My brother and I used to watch that when I was a kid; or at least the first season. In my defense, I was nine years old (although I don't even know if that excuses it). All I can really remember is that the kid with the shield was the comic relief character. I didn't like it nearly as much as Thundarr the Barbarian (whose sidekick, Ucla the Mok--basically a Chewbacca ripoff, and whose name was pronounced "Ookla"--I learned recently was named after the University of Southern CA), which was another staple of my Saturday morning cartoon laden youth.

John D. Rateliff said...

Hi Ed

Thanks for the comment.

I don't think anyone shd ever feel self-conscious over what he or she liked as a kid. What fascinates me is revisiting some of the same books and shows decades later and discovering that some really were as good as you remember (e.g., Dr. Seuss) while others leave you shaking your head and wondering why they once had such appeal (e.g. PICKLES THE FIRE CAT).

--John R.

John D. Rateliff said...

By the way, turns out I'm not the first to think that skeevy figure in the background might be Gygax: cf. the following thread from a few years ago, esp. the comments by "Darian Graey", "Ashe Ravenheart", and "Crimson Jester".



morgenstern said...

I wouldn't say it's entirely fair to characterize Mark Hamill's career as "my-career-is-over, I'll-do-cartoon-voices-now" -- for one thing, Hamill's voice-over work predates his breakthrough role in Star Wars, specifically, he lent his voice talents to the film 'Wizards', which was released prior to Star Wars, in 1977.

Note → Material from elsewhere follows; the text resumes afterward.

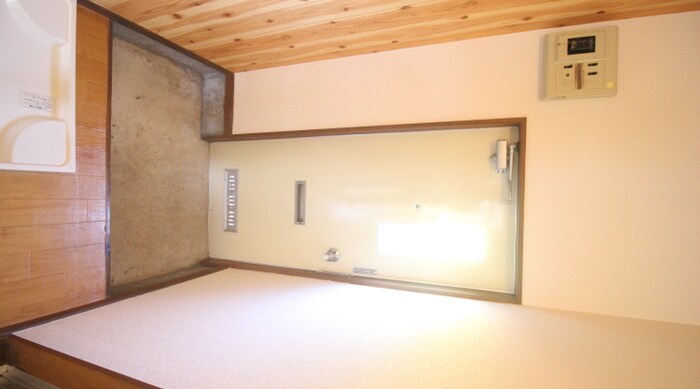 物件内観写真15　(玄関)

Further, Hamill gained considerable recognition and a fan following solely for his work portraying the voice of the Joker for 'Batman: The Animated Series', so regardless of whatever on-screen talent he may (or may not) lack, he has demonstrated an unwavering ability to bring his unique talents and work ethic to his voice-over work.

Given this, I don't really believe it fair or fitting to negatively compare the sum of Mark Hamill's work post-'Star Wars', which includes other animated series, numerous appearances on Broadway in various plays, as well as live action TV roles, with that of Donny Most, whose role as Eric the Cavalier perhaps lasted all of three seasons on the D&D animated series.